Flexibilização, precarização, perda de direitos e ataques constantes a sindicatos são características não exclusivas do mercado de trabalho brasileiro, mas disseminadas pelo mundo - com suas peculiaridades. Análises dessas experiências em países diversos estão compiladas no livro "O trabalho em crise: flexibilidade e precariedades", lançado pela EdUFSCar.
A obra é organizada pelos docentes Marcia de Paula Leite, da Faculdade de Educação e do Instituto de Filosofia e Ciências Humanas (IFCH) da Universidade Estadual de Campinas (Unicamp); Magda Barros Biavaschi, também do IFCH e do Instituto de Economia da Unicamp; Carlos Salas, do Departamento de Economia da Universidad Autónoma Metropolitana (UAM), México; e Jacob Carlos Lima, do Departamento de Sociologia (DS) da UFSCar.
Ao longo de 275 páginas, o livro reúne resultados de pesquisas apresentadas em seminário internacional realizado no final de 2017, no âmbito do projeto temático intitulado "Contradições do trabalho no Brasil atual: formalização, terceirização, precariedade e regulação", apoiado pela Fundação de Amparo à Pesquisa do Estado de São Paulo (Fapesp).
A publicação é dividida em quatro partes. A primeira, "Reformas trabalhistas em curso na América Latina", traz artigos referentes ao Brasil, Argentina e México, cujas reformas têm características comuns, como mudanças nas legislações trabalhistas e retirada de direitos dos trabalhadores, bem como ataque aos sindicatos. São transformações que ocorrem no âmbito do capitalismo contemporâneo hegemonizado por interesses das finanças em escala global.
Jacob Lima explica que essas reformas se vinculam aos processos de flexibilização e precarização do trabalho. "No momento em que você desregula os estatutos do trabalho, permite que o trabalho seja utilizado da forma como interessa aos patrões. Essa flexibilização envolve jornadas de trabalho exaustivas, sem carga horária definida, ou mesmo inexistência de contratos. São elementos que implicam, para o trabalhador, um processo de precarização", detalha.
Ou seja: a sociedade sai do regime legislado para o negociado. "O governo traz o discurso de que a reforma visa a fortalecer a negociação ao favorecer o encontro entre o capital e o trabalho, sem a intervenção da lei ou do Estado. Na prática, ela retira a lei e, também, a capacidade de negociação de trabalhadores e sindicatos", esclarece Leite.
No caso específico do Brasil, a reforma trabalhista vem acompanhada de ataques sistemáticos à Consolidação das Leis do Trabalho (CLT) e vende a imagem - equivocada, segundo o pesquisador da UFSCar - de que o capitalismo brasileiro se tornará mais competitivo. "Ela não significa mais empregos e liberdade; pelo contrário: há um processo permanente de perda de direitos dos trabalhadores. Isso significa, concretamente, a perda de possibilidades de sobrevivência, de planejamento de futuro, qualidade de vida, inserção social e mobilidade", pontua Lima.

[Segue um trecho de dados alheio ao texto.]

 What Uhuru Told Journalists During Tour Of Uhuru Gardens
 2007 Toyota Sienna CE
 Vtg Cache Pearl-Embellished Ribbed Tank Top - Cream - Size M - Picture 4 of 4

"Há três elementos específicos da reforma trabalhista brasileira que incidem diretamente sobre a capacidade sindical de defender os trabalhadores: a retirada do imposto sindical, a retirada da capacidade de os sindicatos estarem presentes em momentos decisivos do encontro entre trabalhadores e empresários e o fim da ultratividade", enumera Leite.

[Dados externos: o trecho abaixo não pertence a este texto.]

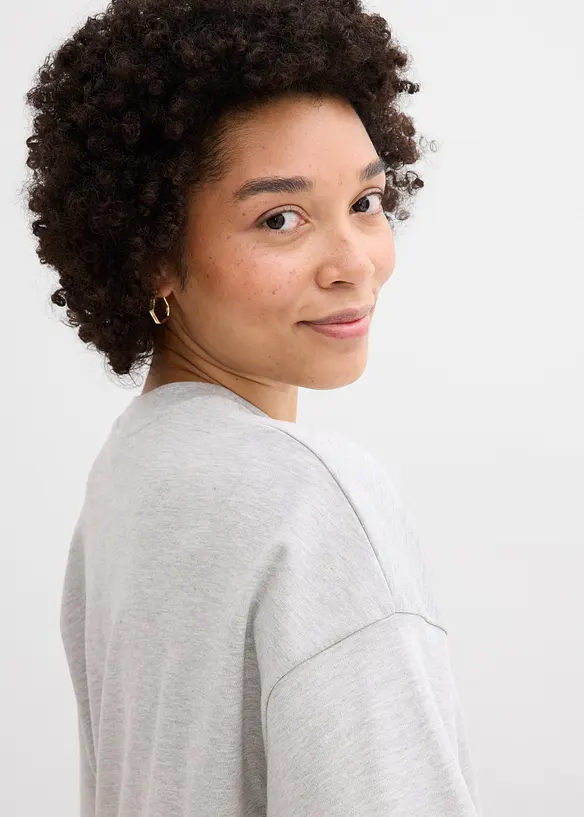 Kort, oversized topp i formstabil, 100% &oslash;kologisk bomull, bonprix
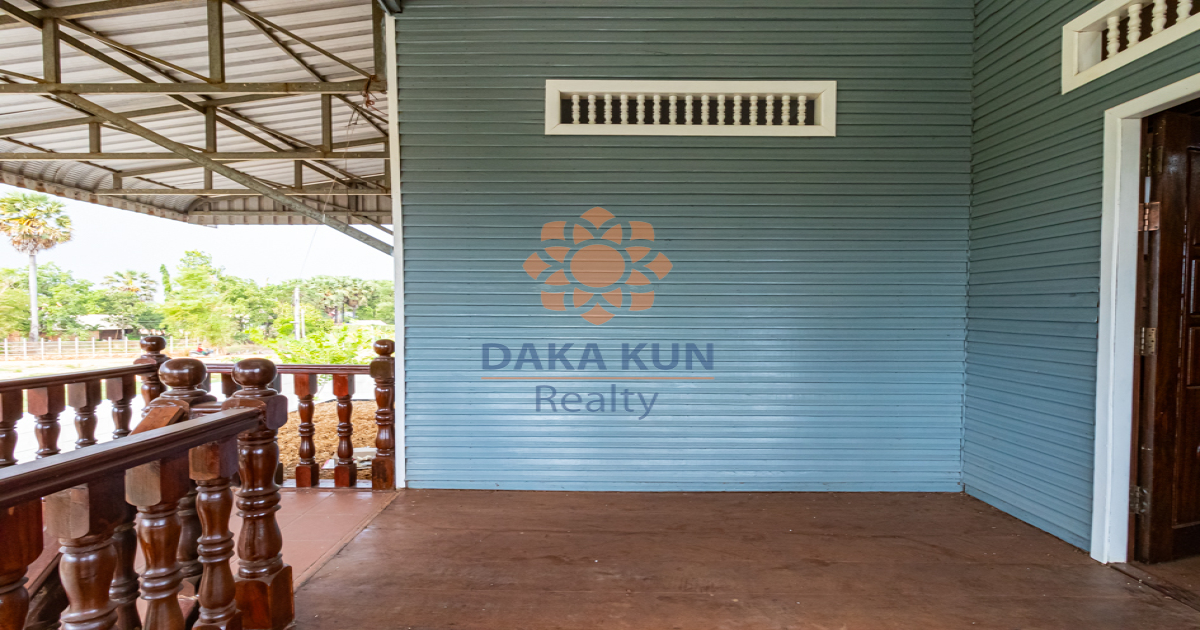 Wooden House for Sale in Siem Reap City-Svay Dangkum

Com a abrupta extinção do imposto sindical pela reforma trabalhista brasileira, muitos sindicatos não conseguiram se manter, fecharam, ou viram sua capacidade de organização brutalmente diminuída por ser esta sua principal forma de financiamento, sem lhes ter sido proporcionada qualquer possibilidade de se adaptarem à nova realidade. A possibilidade de acordos individuais em vários momentos da relação entre capital e trabalho também enfraquece a instituição sindical. "Um dos momentos em que a reforma estabelece essa possibilidade é na homologação da demissão do trabalhador. Antes, o sindicato fazia a correção de todas as contas que a empresa deveria pagar, e a demissão só era realizada efetivamente quando havia a homologação do acordo final no sindicato. Isso obrigava as empresas a pagarem o que deviam, o justo, ao trabalhador. Agora, isso comumente não ocorre mais, o que causa ainda mais perdas", detalha Leite.

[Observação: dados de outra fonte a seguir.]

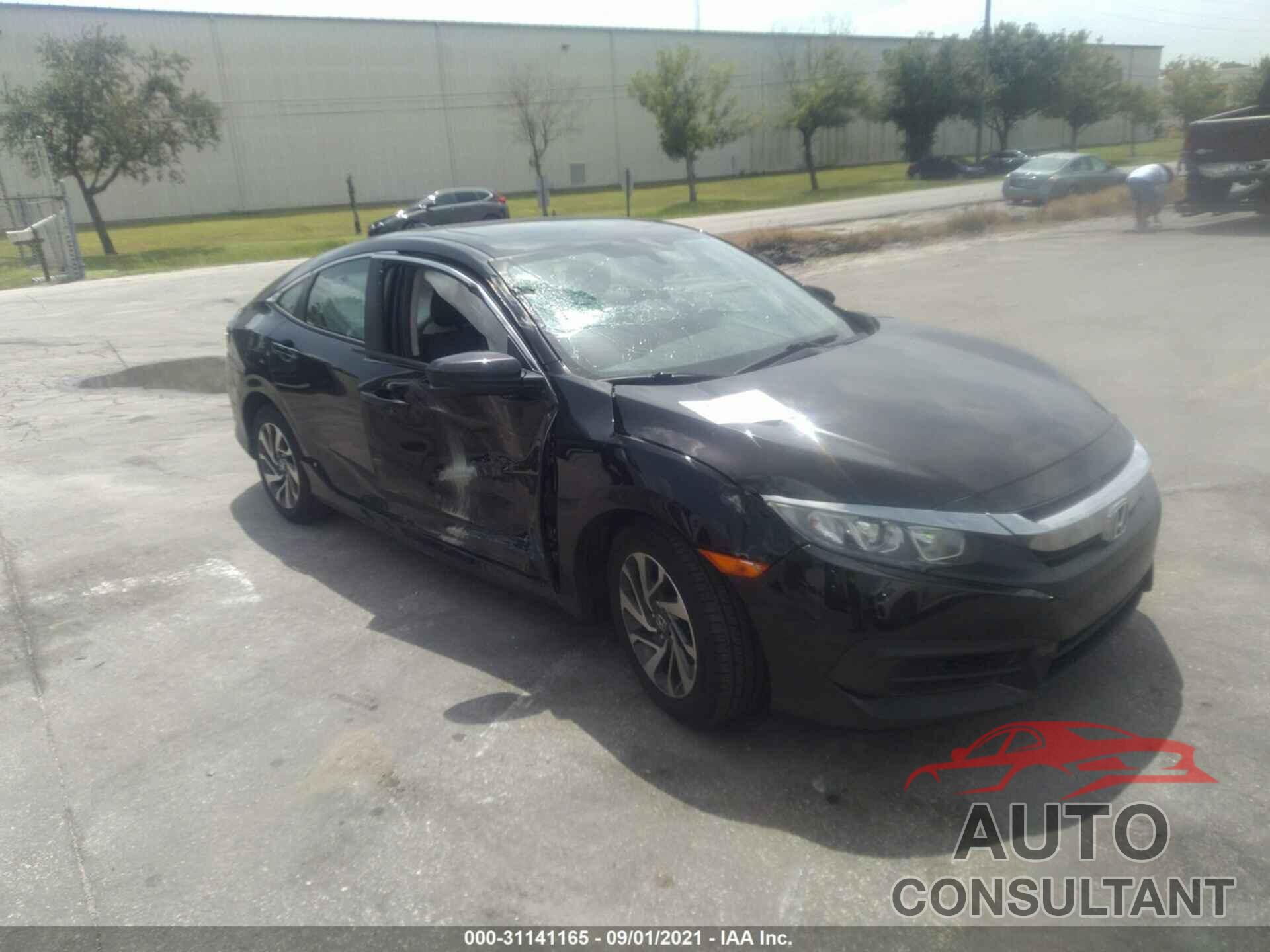 HONDA CIVIC SEDAN 2018 - 2HGFC2F70JH587459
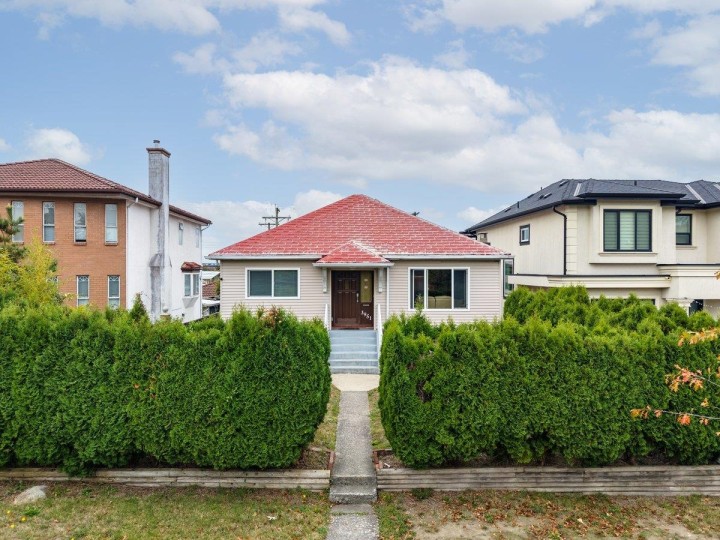 Photo 1 at 3951 Slocan Street, Renfrew Heights, Vancouver East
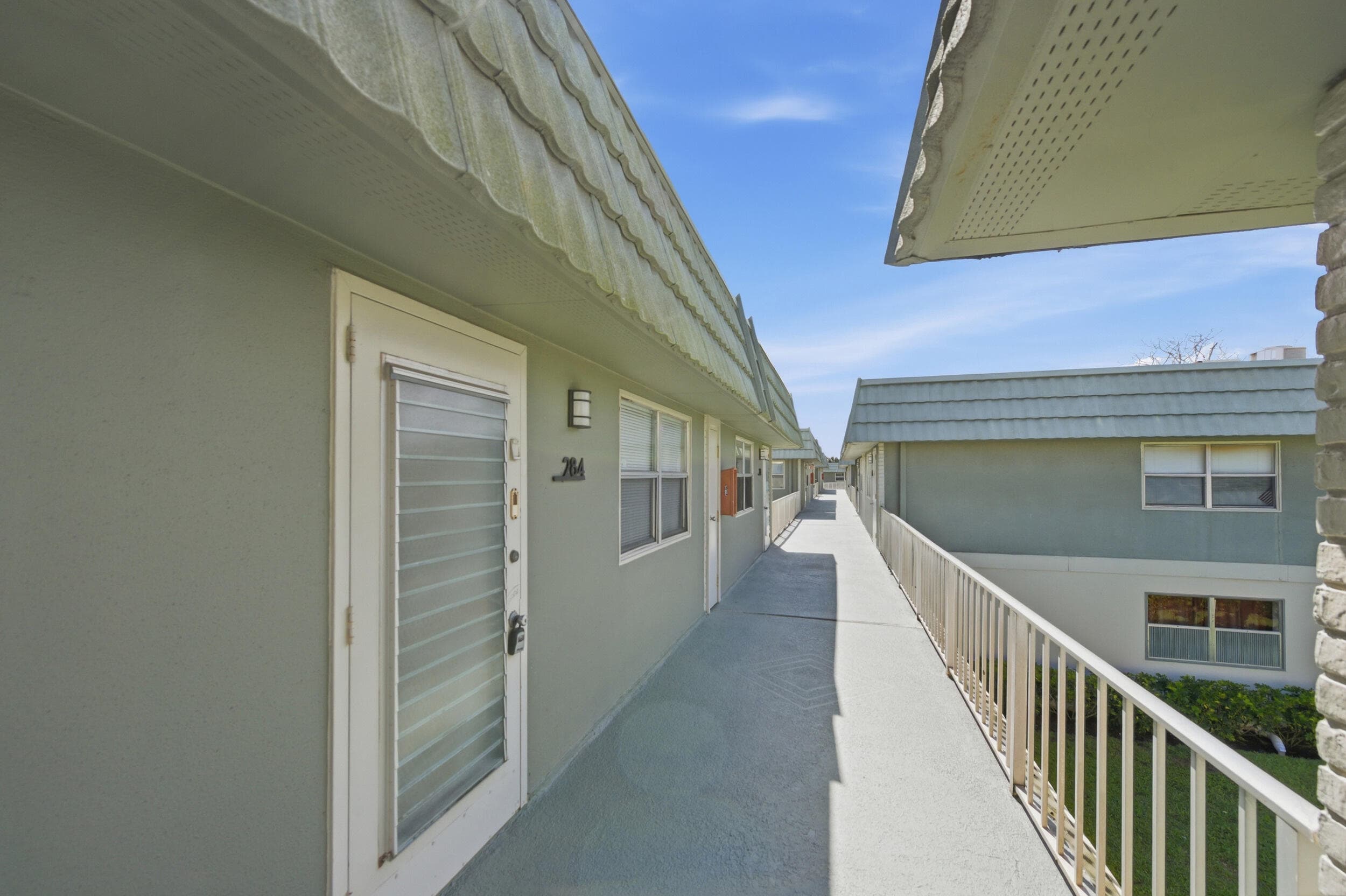 284 Flanders F, Delray Beach, FL 33484 — photo 33 of 75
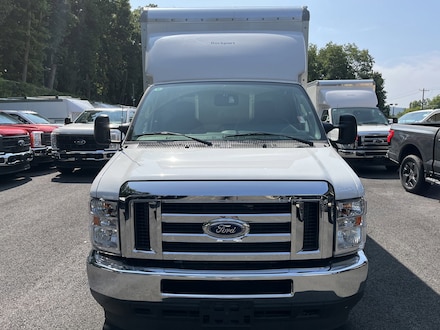 2025 Ford E-Series Cutaway Box Dry Freight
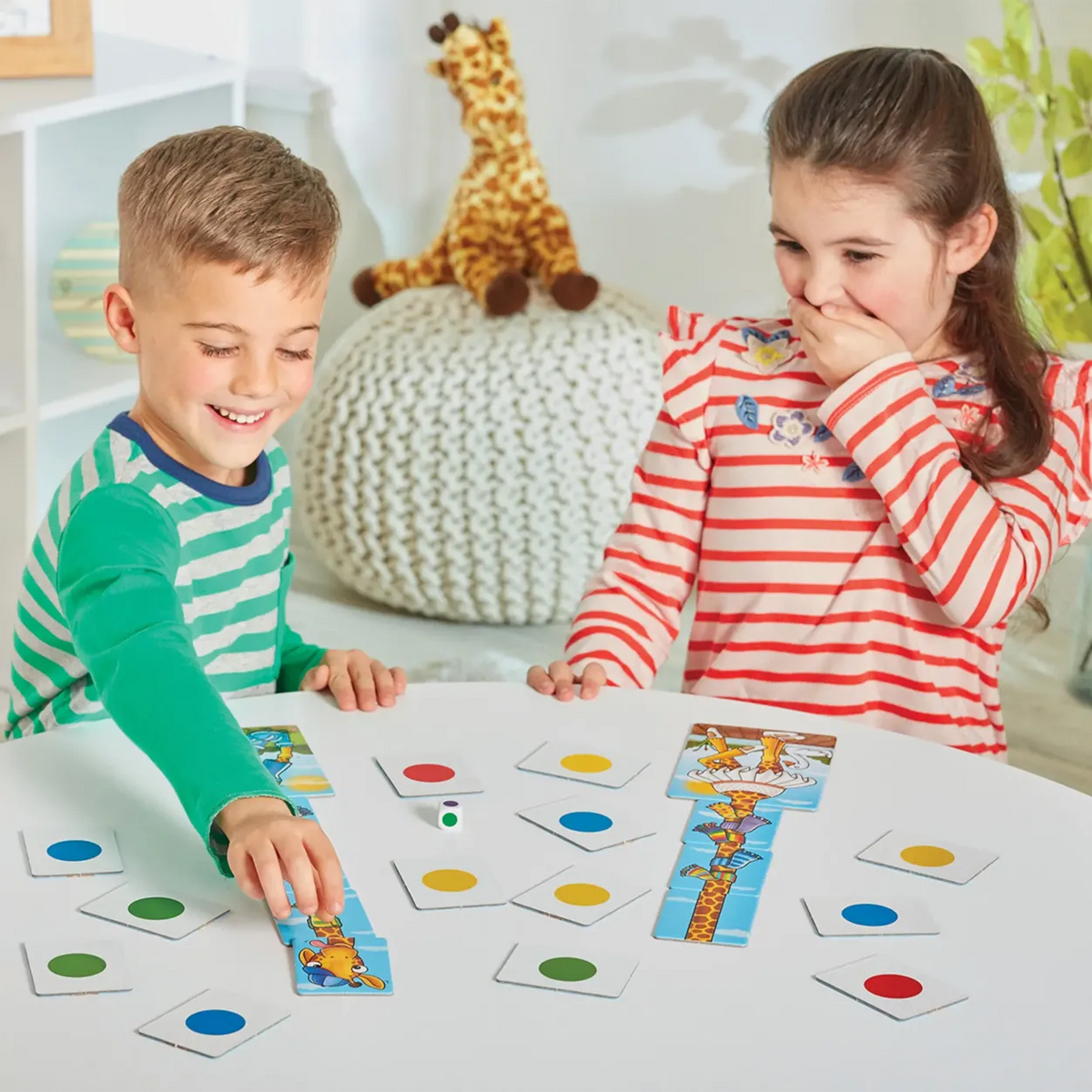 Griffe Rll Giraffes in Scarves – Our Little Darlings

Já a ultratividade, conforme explica a pesquisadora, envolve o momento no qual acaba o período de uma convenção coletiva e o sindicato negocia com o patronato uma nova. Enquanto isso, os direitos contidos na antiga continuam valendo. "Isso era fundamental para que os sindicatos não fossem pressionados a assinar uma nova convenção sem estar de acordo. Com o fim da ultratividade, ao terminar a vigência de uma convenção, os trabalhadores perdem os direitos, inclusive de reajustes. Há um cenário caótico: os trabalhadores ficam em pânico e o sindicato se vê obrigado a assinar qualquer coisa", sintetiza Leite.
Futuro
A segunda parte do livro - "Novas experiências do trabalho, em tempos de gestão e precarização" - discute experiências que aceleram a precarização do trabalho, com casos específicos do Brasil e da França. Um dos artigos aborda a nova cultura do trabalho com foco no digital. As novas formas com que a Tecnologia da Informação (TI) se coloca no mercado, especialmente para os jovens, mostram exaustivas jornadas e um trabalho dependente de projetos - ou seja, em que mesmo com contrato, os jovens dependem de clientes para que haja novos projetos e continuem trabalhando, sem garantias.
"Além disso, a solução na TI precisa chegar em um prazo muito curto, o que gera trabalho intenso e estressante. Os jovens têm um maior domínio sobre a tecnologia e são considerados flexíveis, pois se dispõem mais facilmente a adaptações. Então, essa nova cultura do trabalho é romantizada - os jovens têm de ser empreendedores, inovadores, atualizados, para acompanhar as mudanças da tecnologia -, quando na verdade essas características são mais um fator de pressão sobre eles", relata Lima.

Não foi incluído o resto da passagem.